**DIRECTIONS FOR THIS TASK:** Write out again, exactly, the lines below starting at the one with "Robotic total Knee Replacement in Mandi HP" and ending at the one with "Dermaplaning gently removes".

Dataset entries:

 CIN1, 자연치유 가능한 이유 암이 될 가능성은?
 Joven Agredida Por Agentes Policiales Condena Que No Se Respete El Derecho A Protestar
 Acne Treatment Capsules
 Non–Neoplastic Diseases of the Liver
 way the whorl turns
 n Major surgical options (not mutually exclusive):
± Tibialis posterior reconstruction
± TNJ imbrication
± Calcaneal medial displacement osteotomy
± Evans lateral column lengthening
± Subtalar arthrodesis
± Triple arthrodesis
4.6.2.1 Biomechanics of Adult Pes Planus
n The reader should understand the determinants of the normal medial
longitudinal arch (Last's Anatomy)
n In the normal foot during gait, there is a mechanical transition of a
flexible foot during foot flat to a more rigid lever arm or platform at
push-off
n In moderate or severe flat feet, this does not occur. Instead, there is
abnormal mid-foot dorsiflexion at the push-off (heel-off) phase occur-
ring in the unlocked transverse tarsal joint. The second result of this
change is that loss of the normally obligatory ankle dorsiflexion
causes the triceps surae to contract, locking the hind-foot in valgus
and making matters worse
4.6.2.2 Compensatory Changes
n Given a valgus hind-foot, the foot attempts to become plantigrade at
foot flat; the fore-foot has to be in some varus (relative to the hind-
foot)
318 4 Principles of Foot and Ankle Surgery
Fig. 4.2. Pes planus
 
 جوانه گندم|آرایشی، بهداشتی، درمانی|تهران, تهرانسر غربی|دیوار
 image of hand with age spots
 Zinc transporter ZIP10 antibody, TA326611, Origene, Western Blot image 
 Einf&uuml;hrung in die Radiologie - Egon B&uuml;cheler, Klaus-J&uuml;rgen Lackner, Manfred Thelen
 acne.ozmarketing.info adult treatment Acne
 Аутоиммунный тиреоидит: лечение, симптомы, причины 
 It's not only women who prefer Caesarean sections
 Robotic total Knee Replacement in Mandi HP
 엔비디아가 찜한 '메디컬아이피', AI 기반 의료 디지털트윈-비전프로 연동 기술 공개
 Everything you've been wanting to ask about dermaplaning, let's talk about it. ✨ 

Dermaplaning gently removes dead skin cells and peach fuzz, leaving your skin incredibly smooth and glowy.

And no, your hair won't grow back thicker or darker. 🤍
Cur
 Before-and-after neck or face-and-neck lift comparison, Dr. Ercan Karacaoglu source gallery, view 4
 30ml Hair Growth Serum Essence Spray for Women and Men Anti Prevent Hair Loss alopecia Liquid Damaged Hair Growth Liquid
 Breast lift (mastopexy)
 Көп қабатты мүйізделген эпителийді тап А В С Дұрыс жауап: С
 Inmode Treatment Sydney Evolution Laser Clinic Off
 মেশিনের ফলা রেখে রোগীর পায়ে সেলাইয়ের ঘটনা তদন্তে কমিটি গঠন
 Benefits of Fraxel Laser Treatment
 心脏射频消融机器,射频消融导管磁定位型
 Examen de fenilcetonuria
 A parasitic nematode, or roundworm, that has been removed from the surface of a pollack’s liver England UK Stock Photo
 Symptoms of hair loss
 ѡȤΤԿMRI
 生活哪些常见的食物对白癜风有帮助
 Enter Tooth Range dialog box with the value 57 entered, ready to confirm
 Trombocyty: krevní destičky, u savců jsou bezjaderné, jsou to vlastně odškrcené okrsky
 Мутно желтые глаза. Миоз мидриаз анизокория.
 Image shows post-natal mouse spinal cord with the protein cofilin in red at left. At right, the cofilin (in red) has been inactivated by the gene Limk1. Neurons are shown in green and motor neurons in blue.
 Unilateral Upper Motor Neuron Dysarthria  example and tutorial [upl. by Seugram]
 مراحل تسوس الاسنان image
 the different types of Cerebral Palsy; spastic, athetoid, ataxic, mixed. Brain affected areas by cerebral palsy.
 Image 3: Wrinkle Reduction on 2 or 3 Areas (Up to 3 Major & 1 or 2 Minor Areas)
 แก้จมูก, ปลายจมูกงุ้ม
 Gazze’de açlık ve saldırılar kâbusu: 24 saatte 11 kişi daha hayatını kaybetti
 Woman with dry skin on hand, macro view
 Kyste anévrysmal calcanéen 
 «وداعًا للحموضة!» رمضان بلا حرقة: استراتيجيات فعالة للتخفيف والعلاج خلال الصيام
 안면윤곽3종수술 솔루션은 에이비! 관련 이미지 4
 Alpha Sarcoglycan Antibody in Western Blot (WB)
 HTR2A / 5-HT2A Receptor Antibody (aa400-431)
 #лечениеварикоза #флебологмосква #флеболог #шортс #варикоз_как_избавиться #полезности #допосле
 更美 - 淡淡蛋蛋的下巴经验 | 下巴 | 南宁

**REPLY TO THE EXERCISE:**
 Robotic total Knee Replacement in Mandi HP
 엔비디아가 찜한 '메디컬아이피', AI 기반 의료 디지털트윈-비전프로 연동 기술 공개
 Everything you've been wanting to ask about dermaplaning, let's talk about it. ✨ 

Dermaplaning gently removes dead skin cells and peach fuzz, leaving your skin incredibly smooth and glowy.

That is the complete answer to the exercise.